A recent exchange of essays on Bioethics Forum, the Report’s free online service, touches on a question at the heart of the special set of essays in this issue: when would it be appropriate to restrict individual liberty to control aspects of procreation? The Forum essays—by Alice Dreger and jointly by Aaron Greenberg and Michael Bailey—address the prospect of using preimplantation genetic diagnosis to make sure that one’s child is heterosexual. Dreger objects to this use of PGD, mainly on the grounds that if ever fewer people are homosexual, and if a test is in widespread use to select against homosexuality, then those who are homosexual anyway will suffer even worse discrimination than they already do. But ultimately—and reluctantly—she agrees with Greenberg and Bailey that a government ban would be inappropriate. She settles for public opprobrium.

What would it take to justify a restriction on an important liberty? This question is one of several at play in the essays in this issue on regulating reprogenetic technologies—technologies, that is, that bring together the fields of assisted reproduction and genetics to help parents make decisions not only about whether and when to have children, but also about what kind of children to have. In the lead essay of the set, Franco Furger and Francis Fukuyama argue for a strategy that has no precedent in the United States but is modeled on the approach used in the United Kingdom (and is similar to a proposal advanced by Hastings scholars Erik Parens and Lori Knowles in a special report in this journal in 2003). They call for a new federal entity that would be buffered from politics and provide “flexible and dynamic” regulation explicitly grounded in ethical principles and guided by “a robust procedure of public consultation.” The four commentaries accompanying their essay offer contrasting views of various aspects of the proposal—three about the proposed regulatory process, and one about a substantive issue that Furger and Fukuyama believe merits liberty-restricting regulation.
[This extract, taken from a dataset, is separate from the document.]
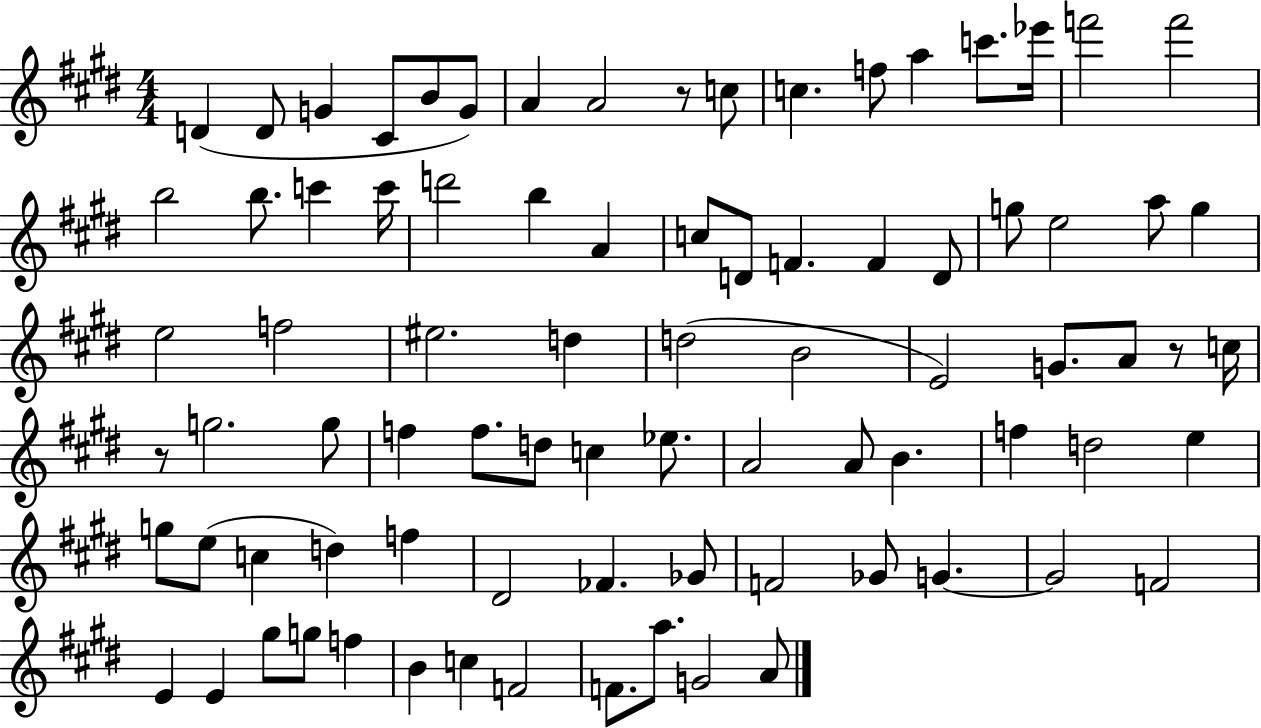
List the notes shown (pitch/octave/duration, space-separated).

D4/q D4/e G4/q C#4/e B4/e G4/e A4/q A4/h R/e C5/e C5/q. F5/e A5/q C6/e. Eb6/s F6/h F6/h B5/h B5/e. C6/q C6/s D6/h B5/q A4/q C5/e D4/e F4/q. F4/q D4/e G5/e E5/h A5/e G5/q E5/h F5/h EIS5/h. D5/q D5/h B4/h E4/h G4/e. A4/e R/e C5/s R/e G5/h. G5/e F5/q F5/e. D5/e C5/q Eb5/e. A4/h A4/e B4/q. F5/q D5/h E5/q G5/e E5/e C5/q D5/q F5/q D#4/h FES4/q. Gb4/e F4/h Gb4/e G4/q. G4/h F4/h E4/q E4/q G#5/e G5/e F5/q B4/q C5/q F4/h F4/e. A5/e. G4/h A4/e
One way of approaching the question of how to justify a restriction of an important liberty is to see it as a philosophical problem. Greenberg and Bailey argue, for example, that liberty can be constrained only to avoid a harm that is both likely and severe. Furger and Fukuyama would expand the criteria to include protection of well-being. They also hold, however, that deciding when to restrict reproductive liberty is ultimately a political problem, not just a philosophical one, and so needs to be moved “beyond bioethics” (as they suggest with the title of a longer report they have written about their proposal). The regulatory structure they recommend would move these decisions not only into the public sphere, but also partly to the public itself: citizens, through the consultative procedure, would help decide when the public well-being needs protecting.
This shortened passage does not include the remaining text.